*** Begin section ***
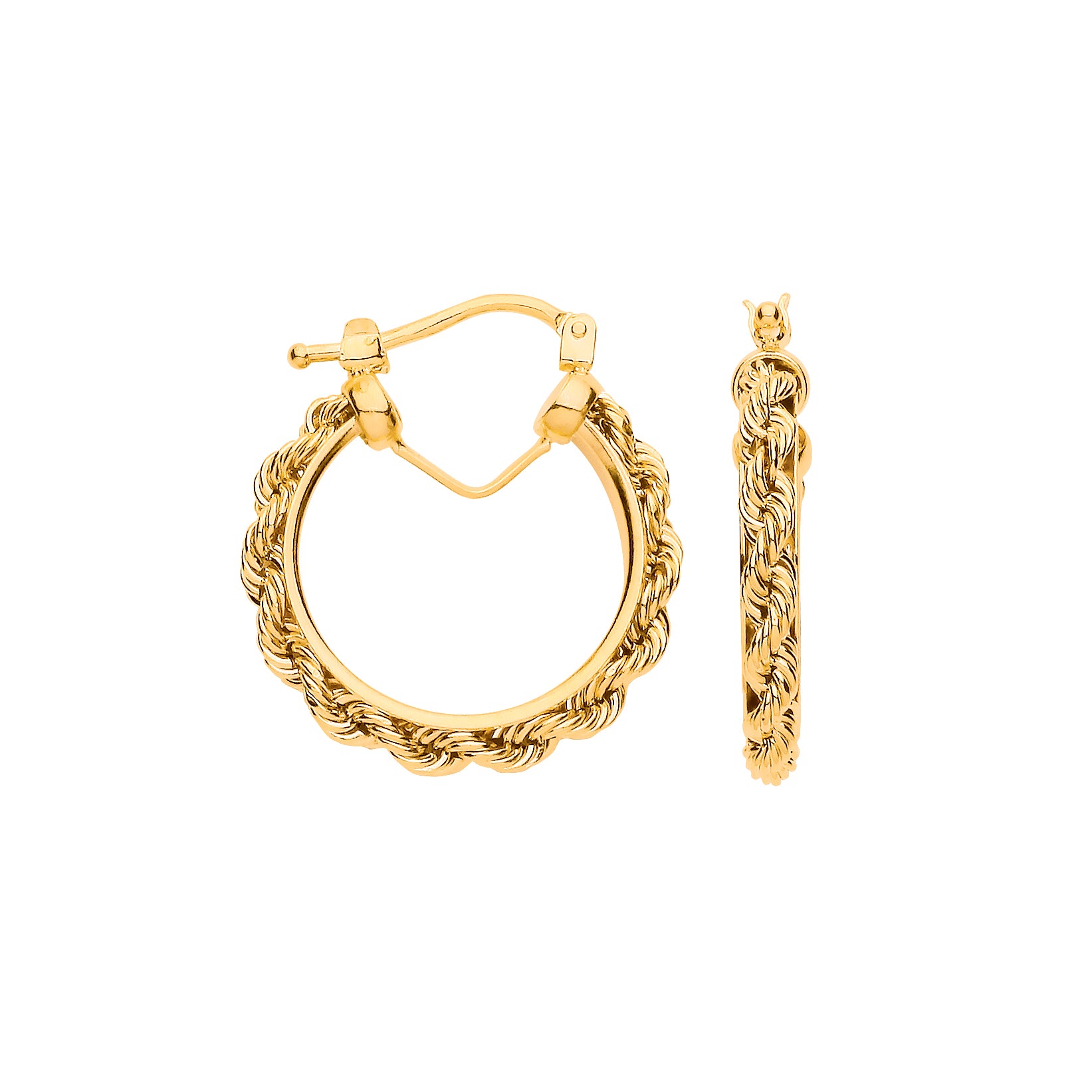 9ct Yellow Gold Rope Chain Hoop Earrings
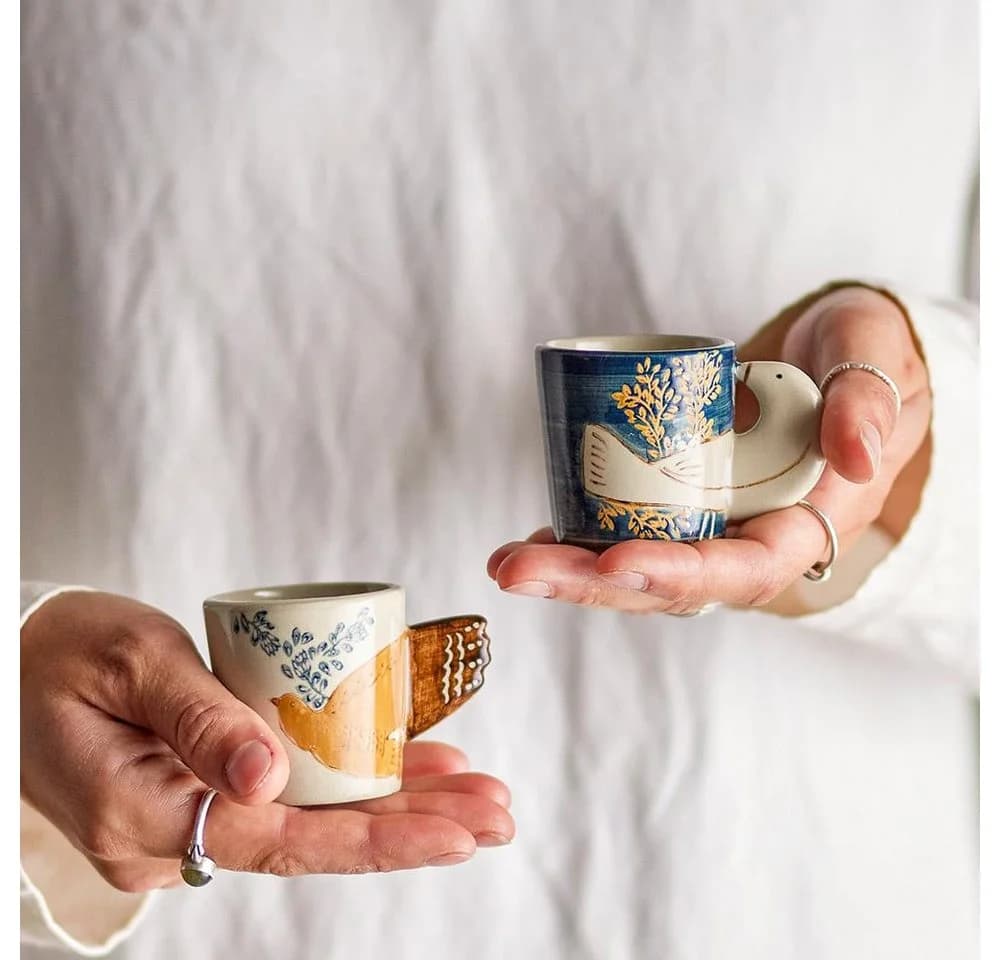 Bloomingville Hezha Espressotasse 2er Set Blau Steingut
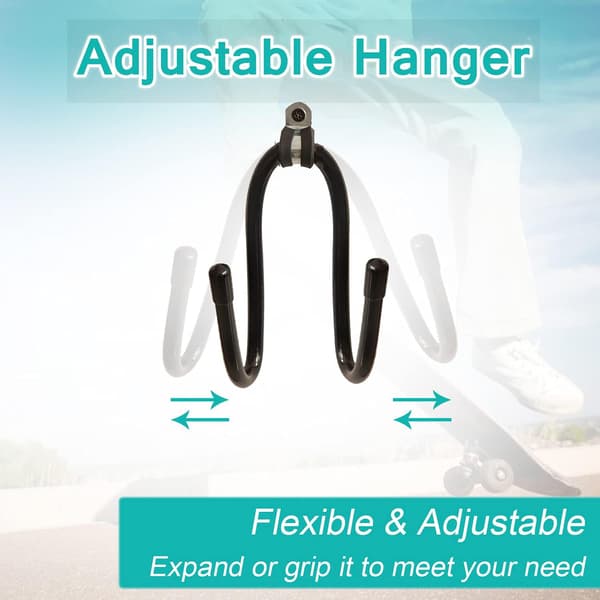 2-pack skateboardväggfäste, justerbart skateboardväggställ för förvaring och visning med skruvar, svart krokhållare för skateboard, gitarr, headset, Ga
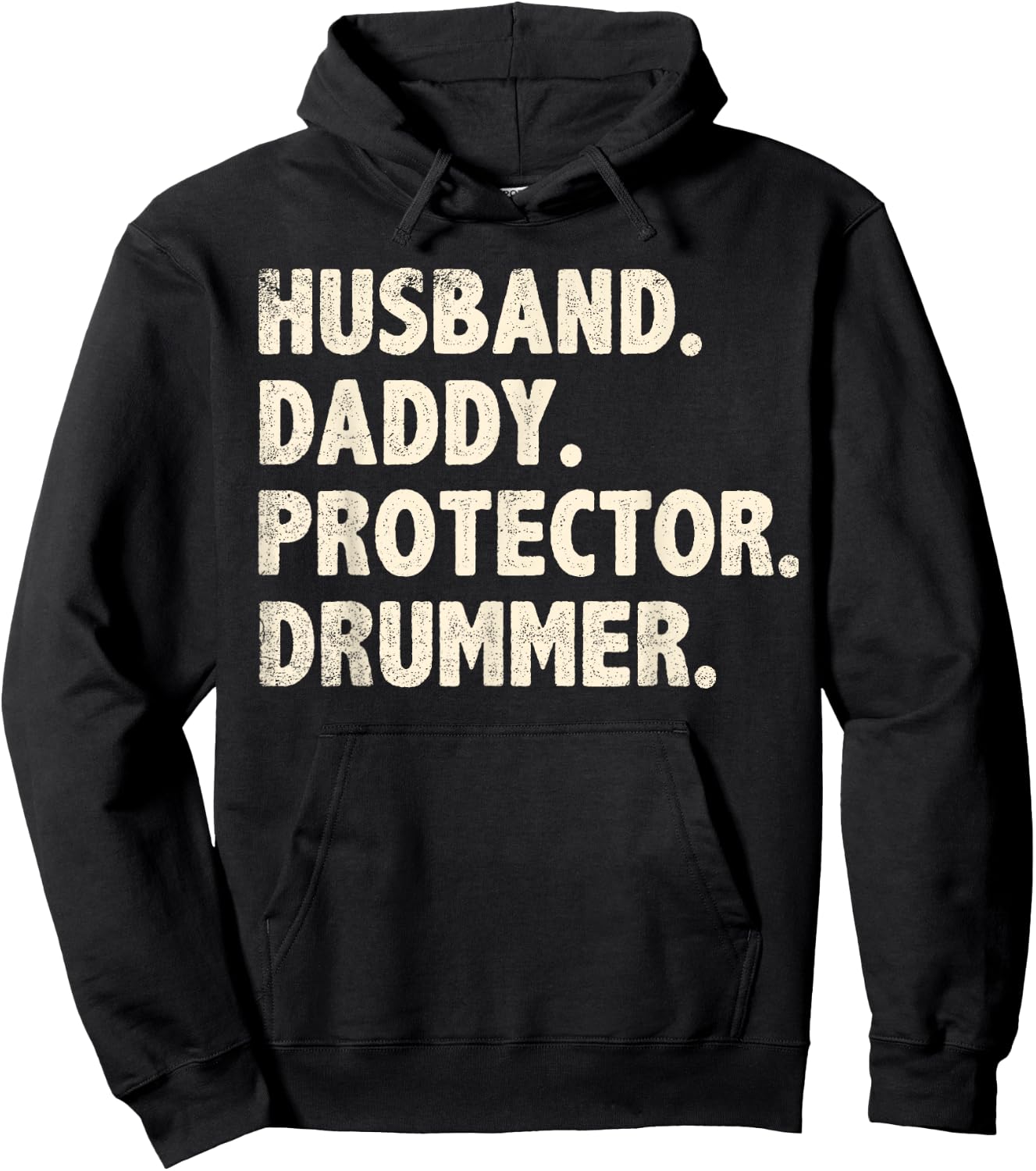 Husband Daddy Protector Drummer Fathers Day Funny Drumming Hoodie - Hoodie | Black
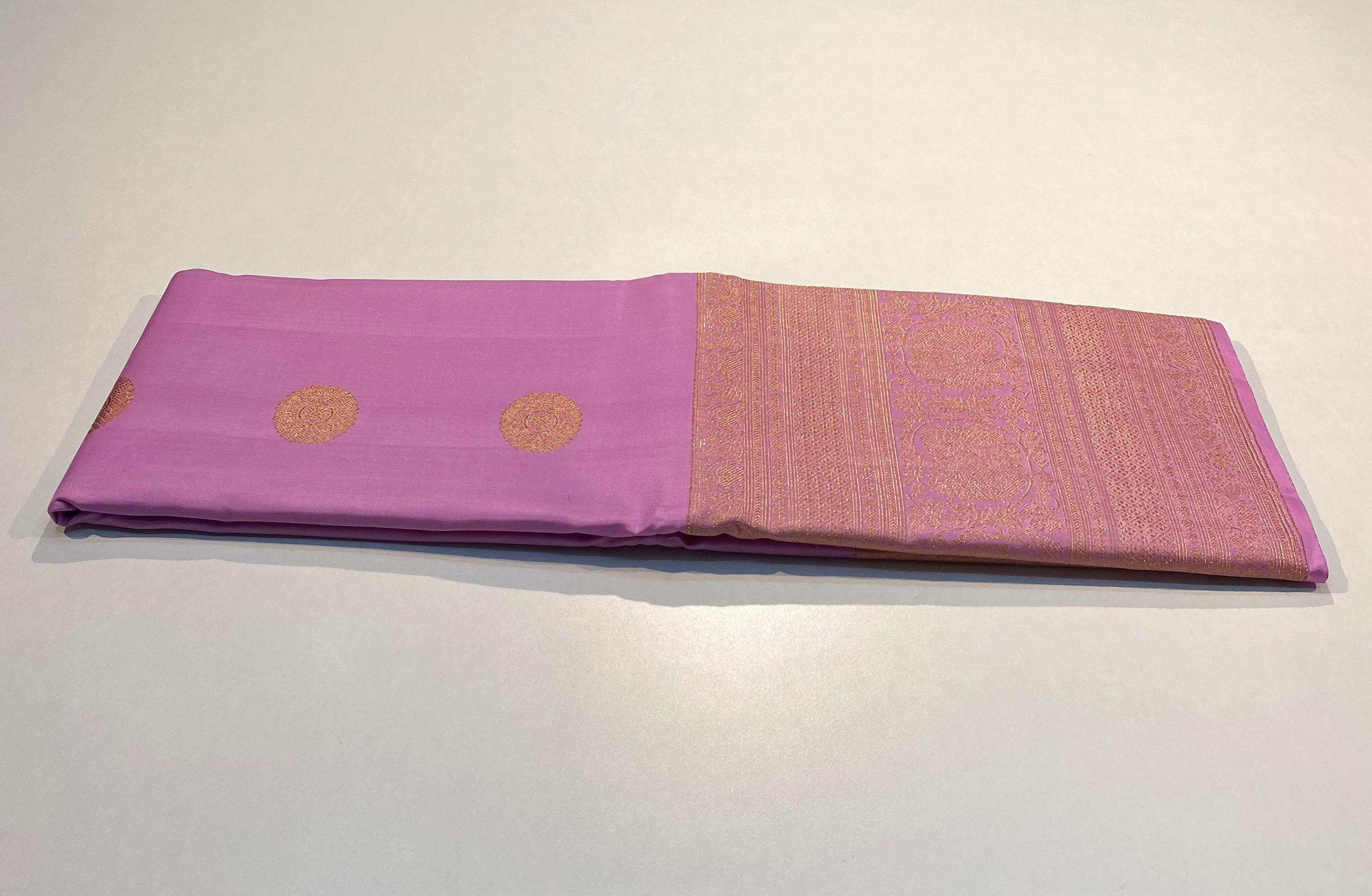 NAVY BLUE GOLD KANCHI SILK SAREE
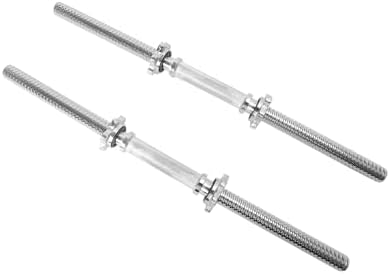 Threaded Dumbbell Chrome Handles 1 Inch Pair, 14" Adjustable Dumbbell Bar Handles, Fits Standard Weight Plates with 1” Diameter, for Gym Workouts, Exercise, Weightlifting, Sold in Pair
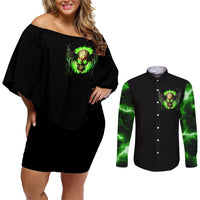 Skull Couples Matching Off Shoulder Short Dress and Long Sleeve Button Shirts Don't Try To Figured Me Out - Wonder Print Shop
*** End section ***
What you have to do:
From the line with "2-pack skateboardväggfäste, justerbart" to the last line above, restate each line word for word, but skip the pictures.

Completed task:
 2-pack skateboardväggfäste, justerbart skateboardväggställ för förvaring och visning med skruvar, svart krokhållare för skateboard, gitarr, headset, Ga
 Husband Daddy Protector Drummer Fathers Day Funny Drumming Hoodie - Hoodie | Black
 NAVY BLUE GOLD KANCHI SILK SAREE
 Threaded Dumbbell Chrome Handles 1 Inch Pair, 14" Adjustable Dumbbell Bar Handles, Fits Standard Weight Plates with 1” Diameter, for Gym Workouts, Exercise, Weightlifting, Sold in Pair
 Skull Couples Matching Off Shoulder Short Dress and Long Sleeve Button Shirts Don't Try To Figured Me Out - Wonder Print Shop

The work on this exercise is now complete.